Across The Margin : The Podcast brings you an interview with Amy Westervelt, the Editor-in-Chief of the Climate accountability website Drilled News, and the host of the Drilled podcast which offers a behind-the-scenes look at the secret history of Climate Change denial…
On iTunes now!
On Spotify now!
In this latest episode of Across The Margin: The Podcast, host Michael Shields sits down for an eye-opening interview with journalist and podcast host Amy Westervelt. Amy is the Editor-in-Chief of Drilled News, a Climate accountability website that investigates various drivers of delay on Climate action. Amy is also the host of the Drilled podcast that is one of the few narrative podcasts about Climate Change. Season 1 of Drilled focused on the Climate research conducted by oil companies examining when and how they shifted from studying the problem to denying it. Season 2 followed a community of crab fishermen as they became the first industry to sue Big Oil. Season 3, which is the main focus of this episode, chronicles the 100-year history of fossil fuel public relations campaigns and ties them to the propaganda we still see today.
In this episode Michael and Amy dissect the nefarious tactics employed for decades by fossil fuel propagandists, specifics about the spin masters behind these methods, the unique symbiotic relationship between Big Tobacco and fossil fuel companies, and much, much more.
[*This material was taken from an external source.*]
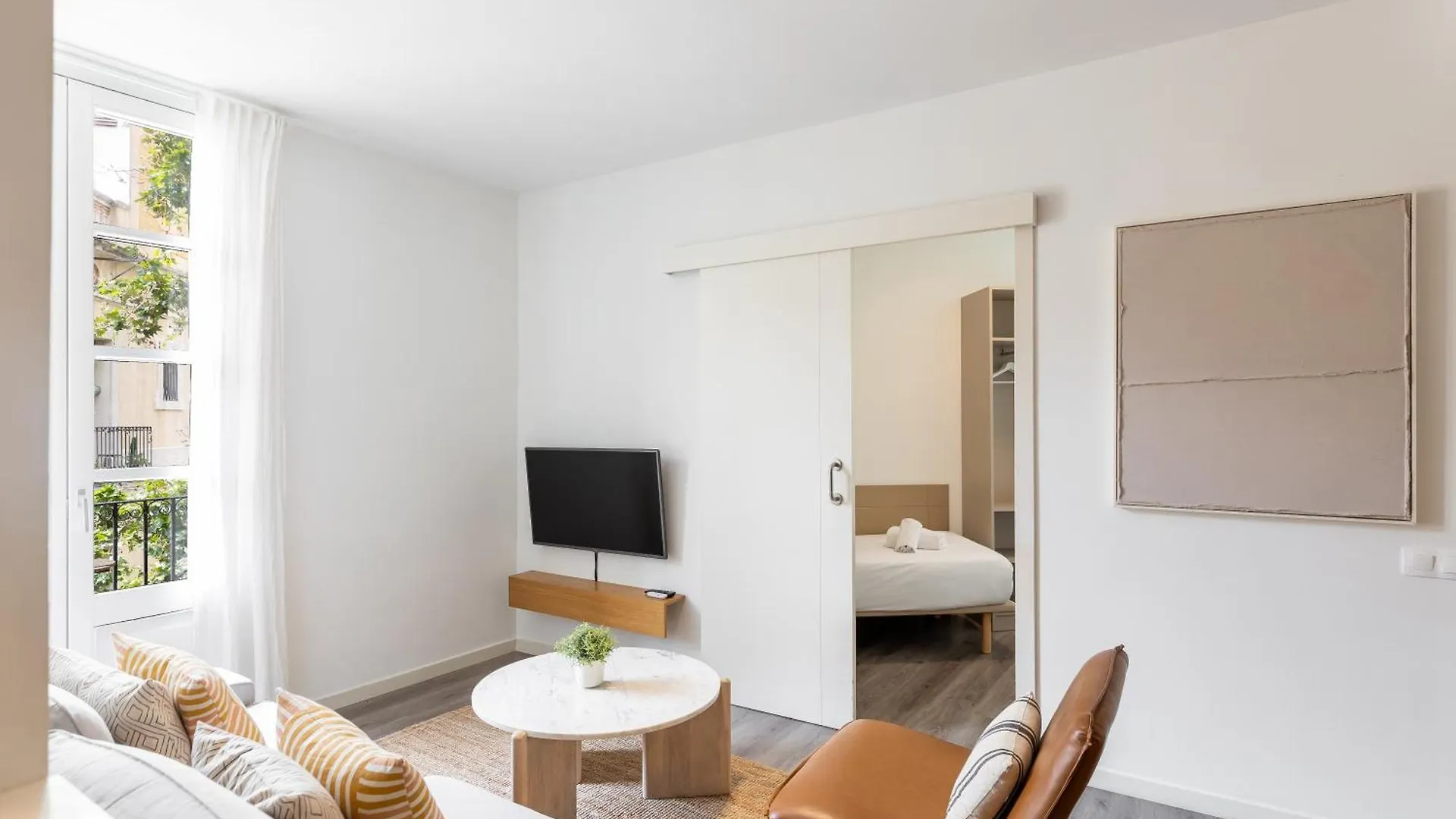 Deco Apartments Barcelona-Sants 0*, Barcelona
You are not going to want to miss this episode, one that exposes plainly how the fossil fuel industry knew for years that they were destroying the planet, yet chose to value profit over human life, and took extreme measures to cover it all up.
Amy Westervelt is the founder of the Critical Frequency podcast network, named AdWeek’s Podcast Network of the Year in 2019. Amy is also an award-winning print and audio journalist. She has contributed to The Guardian, The Wall Street Journal, and The Washington Post, as well as KQED, The California Report, Capital Public Radio, and many other outlets. In 2007, she won a Folio for her feature on the potential of algae as a feedstock for biofuel. In 2015 she was awarded a Rachel Carson award for “women greening journalism”, and in 2016 she won an Edward R. Murrow award for her series on the impacts of the Tesla Gigafactory in Nevada. In 2019, her podcast Drilled was awarded the Online News Association’s “Excellence in Audio Storytelling” award.